The project is a collaboration between researchers from the Ira A. Fulton Schools of Engineering and Biodesign Institute at ASU; the College of Engineering, Informatics, and Applied Sciences at NAU; and the Cockrell School of Engineering at UT Austin.
The research team also includes Klaus Lackner, a professor in the Fulton Schools of Engineering and the Julie Ann Wrigley Global Institute of Sustainability. Lackner is a highly-regarded expert in carbon capture and directs ASU’s Center for Negative Carbon Emissions. Also part of the ASU team are techno-economic analyst Robert Stirling and project manager Justin Flory from the Biodesign Institute and graduate student Yi Yang from Green’s group.
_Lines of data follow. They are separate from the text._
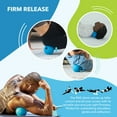 thumbnail image 5 of RAD Atom – Extra Firm Deep Tissue Massage Ball – SMR for back, shoulders, glutes, hamstrings, traps, pecs, Trigger Point & Mobility Therapy, 5 of 5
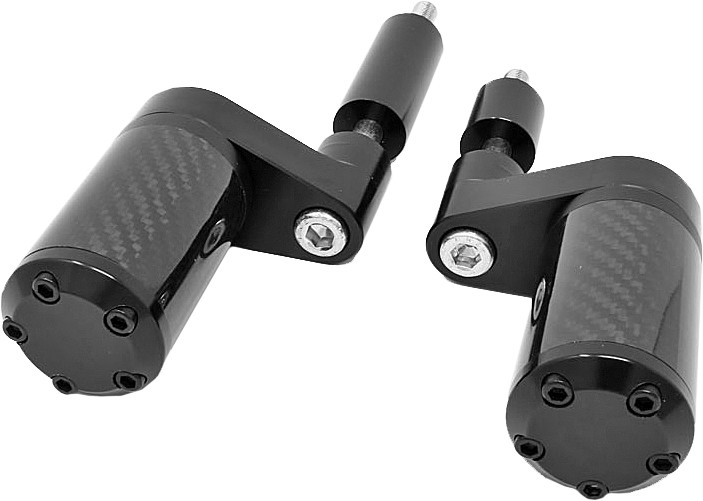 Shogun Motosports (7104159) Pr/Frame Sliders Carbon No Cut Ninja 400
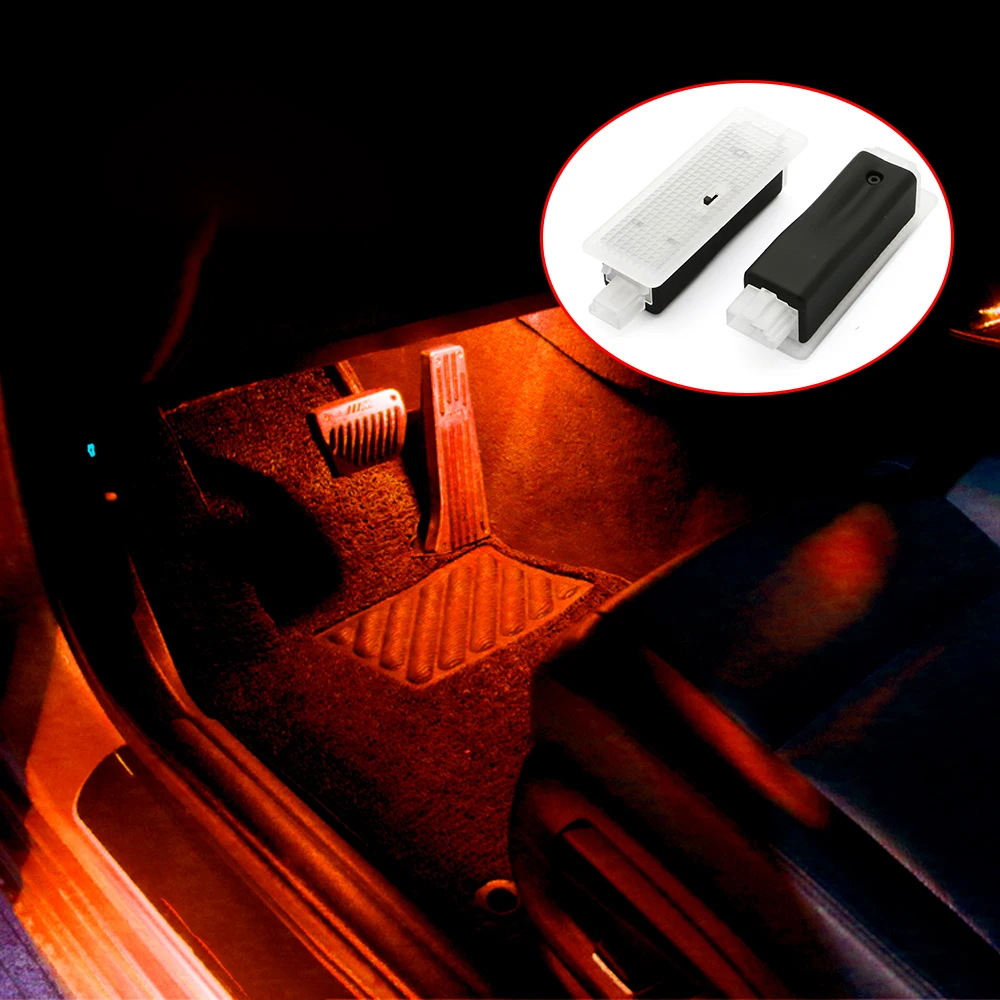 Светодиодная лампа Footwell для салона автомобиля LED BMW F10 F11 F20 F22 F25 F26 F30 F32 F34 F47 F48 1 3 5 X3 X4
Benny Freeman, a key collaborator on the project and professor in UT Austin’s McKetta Department of Chemical Engineering, has worked extensively to understand the interconnection between polymer structure, polymer processing and membrane-based separations. Graduate student Alec Bridge from Freeman’s group also is part of the UT Austin team.
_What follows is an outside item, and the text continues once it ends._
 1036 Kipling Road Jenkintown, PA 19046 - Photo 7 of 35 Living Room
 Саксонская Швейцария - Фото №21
“It’s very exciting for our team at UT Austin to have the opportunity to work with our colleagues at ASU to demonstrate scalable manufacturing of membranes for the DAC process,” said Freeman, the Richard B. Curran Centennial Chair in Engineering at UT Austin.
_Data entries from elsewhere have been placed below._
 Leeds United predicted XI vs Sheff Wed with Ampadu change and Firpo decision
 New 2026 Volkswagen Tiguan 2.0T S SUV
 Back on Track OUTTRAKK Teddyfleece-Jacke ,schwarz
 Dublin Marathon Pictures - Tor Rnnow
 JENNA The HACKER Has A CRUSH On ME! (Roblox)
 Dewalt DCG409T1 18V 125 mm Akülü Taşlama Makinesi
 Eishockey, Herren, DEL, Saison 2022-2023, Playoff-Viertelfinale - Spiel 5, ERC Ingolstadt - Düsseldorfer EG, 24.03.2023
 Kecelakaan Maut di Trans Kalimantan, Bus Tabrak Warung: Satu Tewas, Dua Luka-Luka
In their project, “Mining Air for Fuels and Fine Chemicals,” or MAFF, the team will use water evaporation to drive CO2 capture, which will decrease emissions and improve the energy efficiency of the capture process. The project will use new polymeric materials to create high-surface area membranes that will continuously and actively pump CO2 against a concentration gradient; the membranes could be deployed into structures resembling artificial trees. The process will capture distributed CO2 emissions that can be sequestered or converted into a wide range of energy-dense fuels, fuel feedstocks or fine chemicals.
The project also includes mechanical engineering lecturer Jennifer Wade from Northern Arizona University. She will be responsible for modeling gas transport and exchange across the membrane materials to understand the active pumping process and improve material performance.
The results of the team’s carbon capturing technology will have the potential to help thwart the effects of climate change, provide energy security by facilitating processes to store fuel, and help build a carbon economy by significantly reducing energy costs worldwide.
ASU, NAU and UT Austin received this competitive award from ARPA-E’s OPEN 2018 program, in which teams develop innovative technologies to transform the nation’s energy system. OPEN solicitations are an open call to scientists and engineers for technologies across the entire scope of ARPA-E’s energy mission.